Pero teníamos el “carretera y manta”,
recorriendo senderos, explorando a nuestro aire la cercana aunque ignota
Extremadura.
Después hubo otro tiempo en el que los
viajes se planificaban con todo detalle. La lista de enseres imprescindibles se
colgaban en la nevera y los íbamos tachando a medida que se incorporaban en la
maleta: biberones, pañales, toallitas, sonajeros, chupetes, cambiador, botiquín
completo con termómetro y apiretal, pijamas, baberos desechables, potitos de
verdura,…
Pero antes, mucho antes, cuando solo
estábamos tú y yo, Joe Cocker cantaba Night Calls en la cinta de cassette de mi
Polo rojo. Aquella primavera, su voz cavernosa llenó la llanura de Tierra de
Barros y azotó las flores de los cerezos en el Jerte.
Aquel inusual mes de marzo, nos
sorprendimos ante los palacios de piedra de Cáceres; las torres coronadas por
nidos de cigüeñas; Pizarro a caballo en la Plaza Mayor de Trujillo; el buitre
leonado sobrevolando Monfragüe y un valle de ensueño tapizado de flores de
cerezo.
Ahora que regresamos con ellas, educadas
en el buen yantar, no le hacen asco a unas migas con chorizo, a las pruebas de matanza
o a cualquier variedad de queso artesano. Habituadas a nuestras manías
viajeras, saben que no nos resistiremos hasta alcanzar el peldaño más alto de
la torre más alta, de la almena más alta del castillo. Protestan, como siempre,
como yo, por tu obsesión por las cuestas empinadas.

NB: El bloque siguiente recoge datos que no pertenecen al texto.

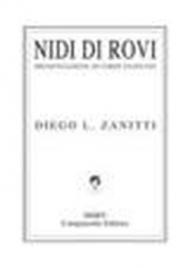 Nidi di rovi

Ahora que pueden brindar con una copa de
vino, no paras de preguntarme: pero, ¿no las habíamos traído a Mérida? Y yo te
repito que no, que solo habíamos regresado una vez a Plasencia, aquel verano
tórrido que volvíamos de Galicia.
Y aunque les insistimos en que éste es
nuestro último viaje juntos, que es muy caro mover a una familia numerosa,
recuerda que aún les debemos los cerezos en flor.